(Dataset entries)
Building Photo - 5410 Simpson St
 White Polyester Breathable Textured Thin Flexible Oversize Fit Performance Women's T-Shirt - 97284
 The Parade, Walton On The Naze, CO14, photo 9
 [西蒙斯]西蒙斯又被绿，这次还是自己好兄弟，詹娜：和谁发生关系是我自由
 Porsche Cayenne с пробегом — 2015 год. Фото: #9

### WHAT IS BEING ASKED
Your answer must be an exact copy of all the entries.

### OUTPUT FOR THIS TASK
Building Photo - 5410 Simpson St
 White Polyester Breathable Textured Thin Flexible Oversize Fit Performance Women's T-Shirt - 97284
 The Parade, Walton On The Naze, CO14, photo 9
 [西蒙斯]西蒙斯又被绿，这次还是自己好兄弟，詹娜：和谁发生关系是我自由
 Porsche Cayenne с пробегом — 2015 год. Фото: #9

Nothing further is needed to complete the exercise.